-- Opening Marker --
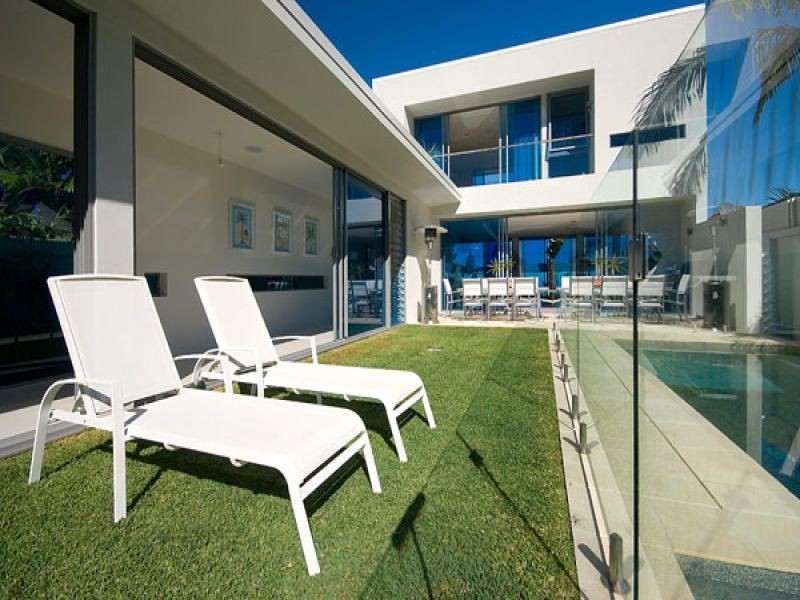 21 Freyburg Street, Sorrento QLD 4217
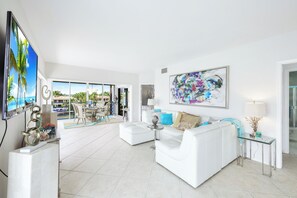 Smart TV - Amazing view of Venetian Village and the bay! Elegant 2 BR/2 bath unit! (Naples)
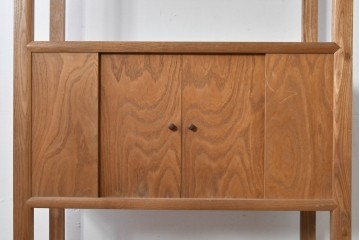 和製ヴィンテージ　松本民芸家具　特注カラー　#506型　温かみのある雰囲気を感じられる朝鮮棚　定価約23万円相当　(R-085538)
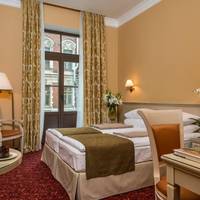 Junior Suite with Twin Beds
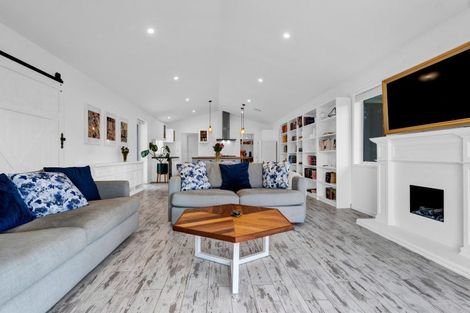 Photo of property in 2 Mercade Close, Stratford, 4332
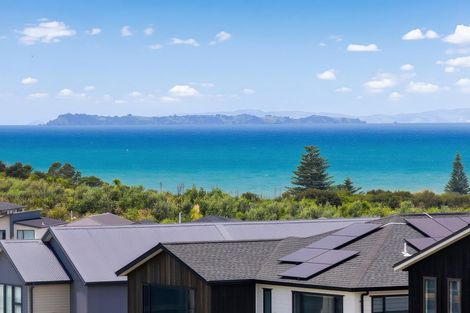 Photo of property in 17 Tupa Street, Long Bay, Auckland, 0630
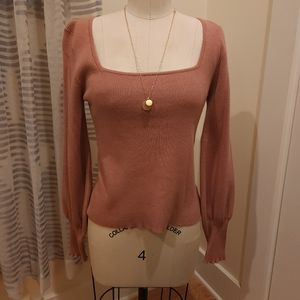 Scoop Neck Sweater 🌹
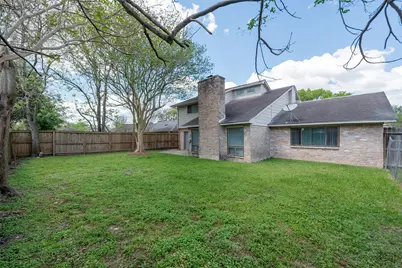 1915 Mustang Springs Drive, Missouri City, TX 77459 - Photo 32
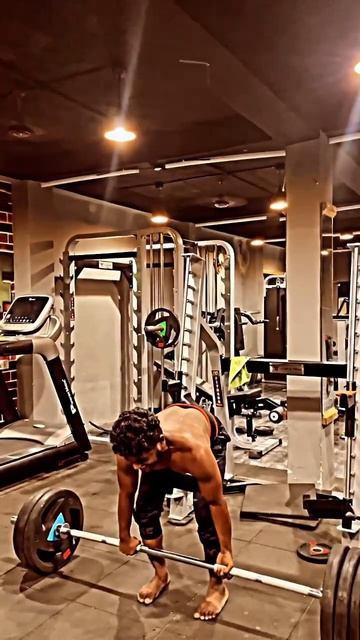 136 kg Deadlift 😈 #fitnesslifestyle #fitnessboy #deadlift #gymmotivation #bodytransformation #gym смотреть онлайн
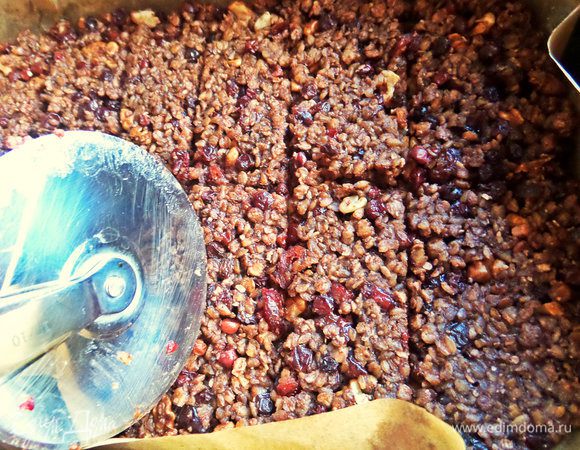 Нарезать ножом для пиццы прямо в горячем виде.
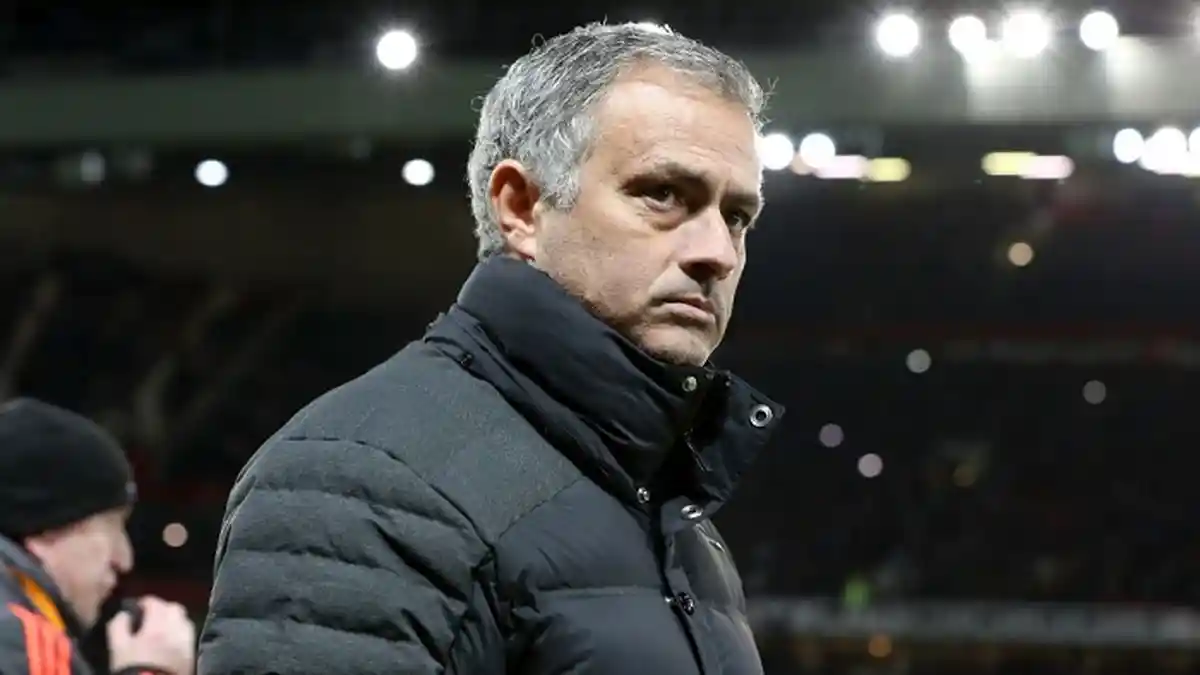 Jose Mourinho Ngamuk Hingga Banting iPad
-- Closing Marker --
> _Task directions_: Where the line containing "Scoop Neck Sweater 🌹" appears, begin writing out the lines exactly, and continue through the end of the material above, omitting pictures.

> _Your solution_:
 Scoop Neck Sweater 🌹
 1915 Mustang Springs Drive, Missouri City, TX 77459 - Photo 32
 136 kg Deadlift 😈 #fitnesslifestyle #fitnessboy #deadlift #gymmotivation #bodytransformation #gym смотреть онлайн
 Нарезать ножом для пиццы прямо в горячем виде.
 Jose Mourinho Ngamuk Hingga Banting iPad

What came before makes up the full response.